BRICKSTORM: CISA and NSA Alert on Evolving Rust Backdoor Targeting vSphere

CISA, the NSA, and the Canadian Centre for Cyber Security updated their Malware Analysis Report on February 11, 2026, regarding BRICKSTORM, an ELF backdoor specifically designed for VMware vSphere environments. The analysis identifies a new variant written in Rust, which offers significantly higher forensic resilience than previous Go-based samples. The report reconstructs a real-world compromise chain that resulted in full vCenter control. For organizations virtualizing critical workloads, the signal is clear: attackers are migrating to high-performance languages to evade analysis and maintain silent persistence.

The Shift to Rust: Why Language Matters

CISA analyzed 12 BRICKSTORM samples derived from real-world incidents, including an agency-led response effort.
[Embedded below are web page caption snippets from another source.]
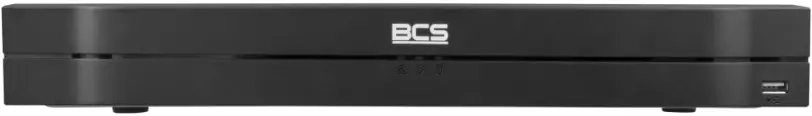 BCS recorder BCS-L-NVR1602-A-8K-16P-Ai2 BCS IP recorder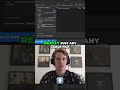 Build Your Own BitTorrent Client: A TenX Developer Project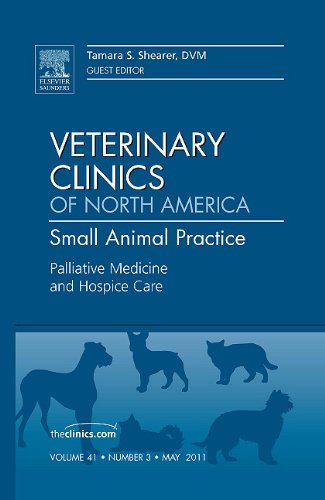  Discover Exceptional Pet Care at Stamford Veterinary Center: Your Trusted Partner for Comprehensive Animal Health Services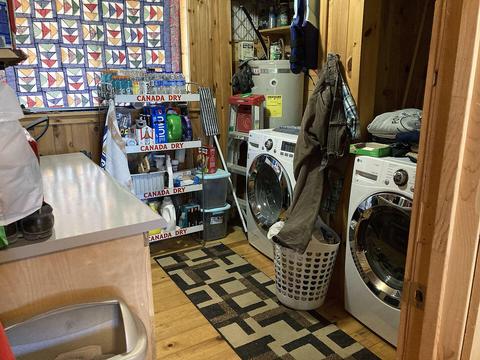 41181 Pine Ridge Loop, Chiloquin, OR 97624 photo 24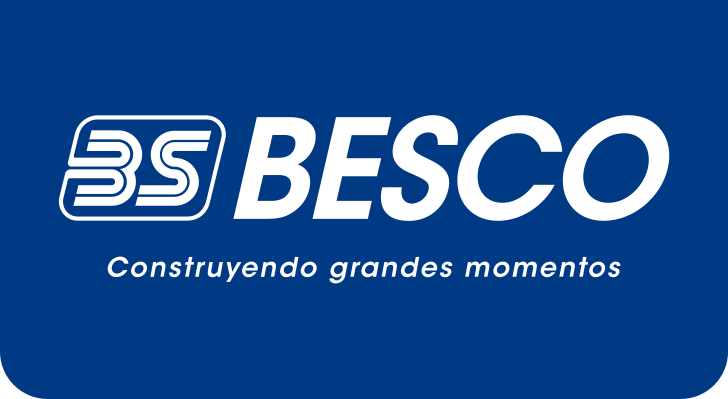 Página principal del Centro de ayuda de Inmobiliaria Libertad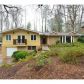 2481 Melinda Drive Ne, Atlanta, GA 30345 ID:12073443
While the original eight samples were written in Go, two of the three samples added in December 2025 and the latest sample from February 11, 2026, are Rust-based. This transition is strategic: Rust produces compact binaries and safe memory management, creating a footprint that is significantly harder to reverse-engineer than traditional malware models.
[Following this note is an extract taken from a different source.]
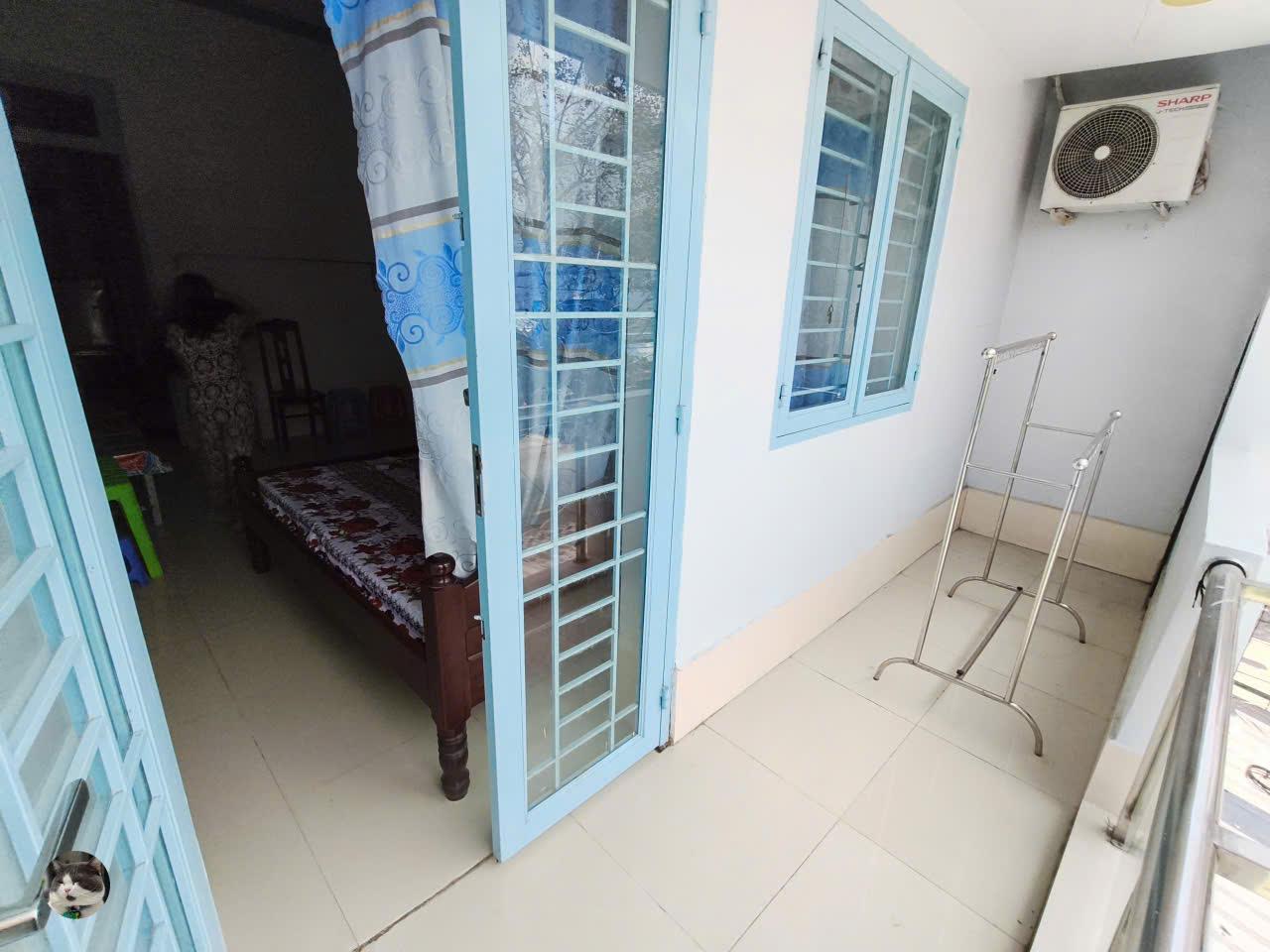 Hình ảnh phòng 4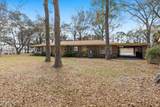 101 Causeway Drive - Photo 63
"BRICKSTORM is a custom Executable and Linkable Format (ELF) Go-or Rust-based backdoor (eight originally analyzed samples are Go-based, and two of the three new samples in the Dec. 19, 2025, update are Rust-based)." — CISA Malware Analysis Report AR25-338A

While Go provided cross-compilation and standalone binaries, Rust increases resistance to static analysis and presents a steeper learning curve for defenders. CISA has not yet attributed the new variant to a specific group, leaving open the possibility that the language shift reflects either an evolution in TTPs or the emergence of a distinct threat actor. Regardless, the report treats both versions as part of an evolving arsenal updated over time.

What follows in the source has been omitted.